BEGIN PROVIDED DATA
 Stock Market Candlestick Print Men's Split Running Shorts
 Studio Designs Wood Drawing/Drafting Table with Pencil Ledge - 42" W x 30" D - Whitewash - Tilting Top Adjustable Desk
END PROVIDED DATA
BEGIN PROVIDED DATA
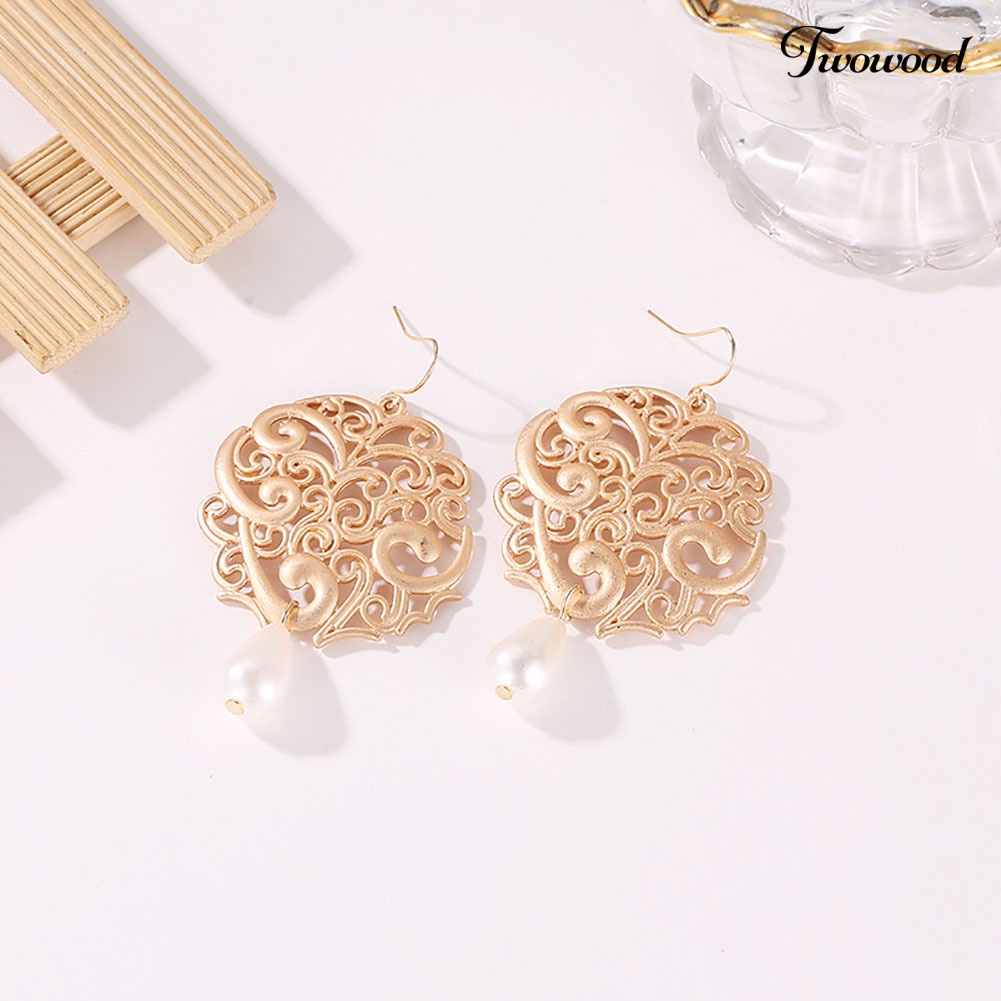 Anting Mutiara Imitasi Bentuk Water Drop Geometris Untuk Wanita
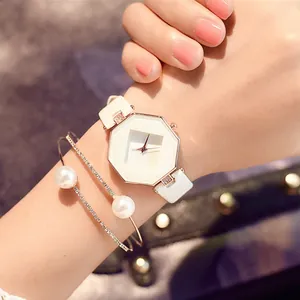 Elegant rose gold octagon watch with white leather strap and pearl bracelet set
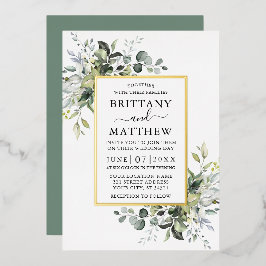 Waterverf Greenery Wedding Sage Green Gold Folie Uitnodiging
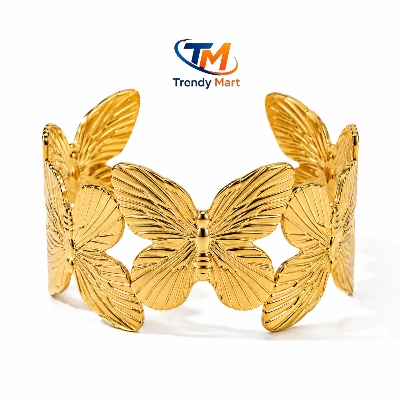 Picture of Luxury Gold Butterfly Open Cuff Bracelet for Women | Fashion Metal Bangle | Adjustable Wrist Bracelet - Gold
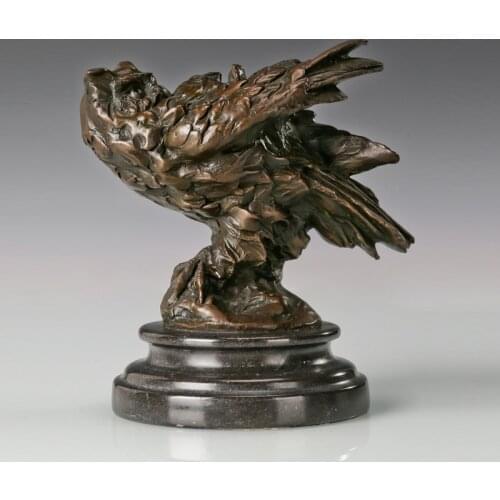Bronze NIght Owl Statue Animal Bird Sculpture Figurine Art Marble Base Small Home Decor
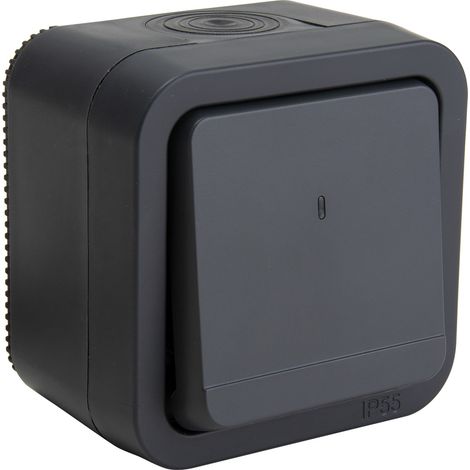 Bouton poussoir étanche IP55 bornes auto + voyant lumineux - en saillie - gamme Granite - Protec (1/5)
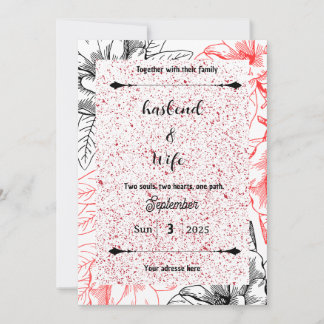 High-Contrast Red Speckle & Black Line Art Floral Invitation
END PROVIDED DATA
BEGIN PROVIDED DATA
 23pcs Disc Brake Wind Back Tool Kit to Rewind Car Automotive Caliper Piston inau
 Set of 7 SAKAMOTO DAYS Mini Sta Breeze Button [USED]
END PROVIDED DATA
**EXERCISE OBJECTIVE:**
Each line above from the one containing "Bronze NIght Owl" through the one containing "High-Contrast Red Speckle" is to be returned verbatim. Nothing else, and no pictures.

**ANSWER TO THIS PROBLEM:**
Bronze NIght Owl Statue Animal Bird Sculpture Figurine Art Marble Base Small Home Decor
 Bouton poussoir étanche IP55 bornes auto + voyant lumineux - en saillie - gamme Granite - Protec (1/5)
 High-Contrast Red Speckle & Black Line Art Floral Invitation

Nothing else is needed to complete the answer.